John Coyne, Unilever - on ensuring material recovery is a priority:
We have completely and utterly inadequate recovery systems everywhere. And until we apply ourselves from a policy point of view and a commercial point of view to ensuring that we actually apply ourselves to the belief that recovery is a good thing our costs are going to increase at an unbelievable rate. The trajectory of cost increases in this area is really quite remarkable. We have all the data to tell us that, we just don’t have the policies in place to fix the problem. And that’s a problem for big businesses and it’s a problem for little businesses. So thinking about it at the back end of the supply chain for things like paper and packaging, you can apply it to almost any material. There is very little in this world that we should not be recovering, or should not in some way be re-utilizing or recycling. We are no where near close to being adequate in this space. When is comes to things like packaging about 11 per cent of the material gets recycled. That’s just appalling. Until we collectively decide that we want to make a substantive and substantial change in that way, we are going to make incremental improvements in that area, but we are not going to make a lot of progress."
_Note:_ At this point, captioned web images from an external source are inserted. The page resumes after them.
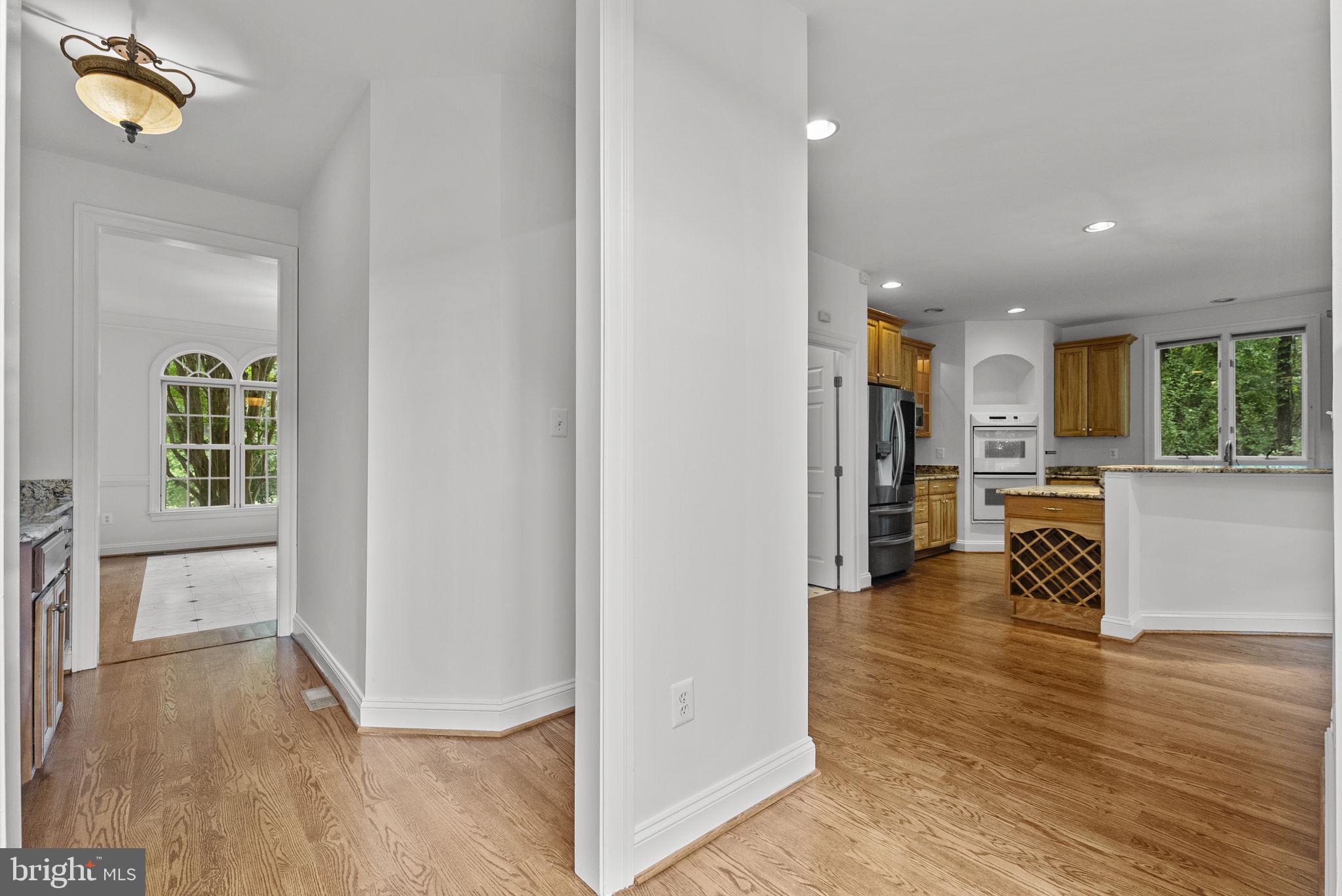 STONELEIGH - Residential
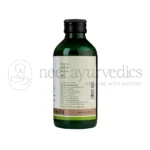 Kerala-Ayurveda-Aragwadadi-Kwath-–-200-ml.webp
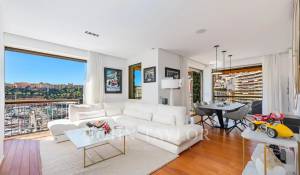 Sale Apartment Monaco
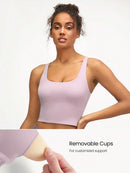 //img.ltwebstatic.com/images3_pi/2025/02/14/56/17395176806152c10f7615ac98188bbadd42eb69ad_thumbnail_900x.webp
Alice Irene Whittaker-Cumming, Smart Prosperity Institute - on the work of the Circular Economy Leadership Coalition:
"We are looking at ways how we transform design, produce and use products in order to eliminate waste, keep high value materials in use, and regenerate natural systems. We are looking to foster the policy and public conditions in our country such that the linear economy that we saw can be improved upon by ensuring closed loops. So nothing will be wasted, items will be designed for durability, repair and reuse. Pollution will be designed out of the system right at the beginning of the supply chains so materials can flow back into the system as valuable inputs… This transformation inspires innovation. Its creating the space for greater prosperity by embracing these new technologies and new business models."
David Hughes, The Natural Step Canada - on making the circular economy a global effort:
"As critical as it is that we deal with this in Canada, and improve our recovery systems, improve the way we design our products, and the entire life-cycle process in Canada, we also have to recognize that Canada is a very small fraction of the challenge and the opportunity that exists globally. So another dimension of our work has to be, how can we also influence other markets on the world stage? That’s why the SME market is critical domestically, but understanding how the SME and the large, multi and transnational companies are working in these spaces together is how we can start to have some influence and setting an example of what needs to be done on a local stage. That is a huge opportunity in terms of exporting knowledge and new technologies to southeast Asia and other parts of the world, where in some cases the challenges are even greater."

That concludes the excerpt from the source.